Why do some drop from school and get into drugs and crime? Well I have found, people are individuals and we have millions of different reasons. Many of them are quite similar and I am an optimist and I hope that things can change. Will I ever be out of a Job? Probably not, but Corrections struggles with staffing issues. It would be nice to have a smaller population that is easier to manage (and provide more meaningful programs)

As with the anti social personality disorder. I do agree some of it is probably environmental, learned behavior from a young age if you will. We can and should address it with mental health and interventions etc. There just never seems to be enough money to go around though.

Your story of the 8 year old being taught how to steal by the adult is truly sad. There is no way around it. It is not a singular incident. We here stories of this all the time.

As for society and the ex-felon. I am all for "ban the box" I think it is a good concept. (no box on the application about prior crimes). Employers should of course know about someones past history. But let them make that call AFTER the interview and a background check of the individual...AFTER you have a face to the name. I feel many more folks would get a second chance if they were just able to sell themselves and employers were willing to take that risk.

Quote:
Originally Posted by carm2405 View Post
Yes, sure... I agree with you. The majority of people don't do crime or end up in prison. We are talking about those who do... why do some kids drop from school and get into drugs and crime??
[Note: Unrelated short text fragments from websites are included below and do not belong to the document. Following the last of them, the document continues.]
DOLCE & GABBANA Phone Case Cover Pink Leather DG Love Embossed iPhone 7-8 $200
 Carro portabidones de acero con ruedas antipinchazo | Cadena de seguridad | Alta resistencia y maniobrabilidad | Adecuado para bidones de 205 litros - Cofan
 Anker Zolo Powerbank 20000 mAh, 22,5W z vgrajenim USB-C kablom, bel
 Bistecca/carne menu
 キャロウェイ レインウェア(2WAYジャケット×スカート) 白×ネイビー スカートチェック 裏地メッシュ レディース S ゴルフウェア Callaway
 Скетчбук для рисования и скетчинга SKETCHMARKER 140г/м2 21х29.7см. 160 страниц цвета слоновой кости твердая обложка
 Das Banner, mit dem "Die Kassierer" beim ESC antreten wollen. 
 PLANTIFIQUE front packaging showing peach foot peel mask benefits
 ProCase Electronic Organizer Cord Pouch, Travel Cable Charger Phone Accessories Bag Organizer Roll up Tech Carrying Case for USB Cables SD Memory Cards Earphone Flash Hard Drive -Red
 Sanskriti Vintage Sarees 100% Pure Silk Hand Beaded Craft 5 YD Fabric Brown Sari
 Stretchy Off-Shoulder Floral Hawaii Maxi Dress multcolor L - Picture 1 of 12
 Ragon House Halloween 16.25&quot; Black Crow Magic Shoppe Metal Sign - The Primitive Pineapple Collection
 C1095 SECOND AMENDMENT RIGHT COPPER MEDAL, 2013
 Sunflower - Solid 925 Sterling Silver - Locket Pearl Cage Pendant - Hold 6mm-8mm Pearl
One answer to this question is what you mentioned - kids with personality disorders... and what can be done to help them?? It reflects back on society and mental health-care, and outreach to kids at risk... I would put more blame on society than on the kids in question...

Another reason why kids get into crime is because they are groomed for it... they are born into a criminal family. With my own eyes I once witnessed a man in his 30s teaching his son aged about 8 how to break into a car. It was on a CCTV camera of a place I was in... I was able to see the footage of it after the robbery was reported.
What chance has that 8-yr old kid got to lead a crime-free life, if he is being taught it from an early age??

The two points you make are valid - a person has to WANT a better life... and then society has to ACCEPT him/her and allow them to make a new start. I think the second part could be the most difficult, and I am not sure what the answer is to that one!!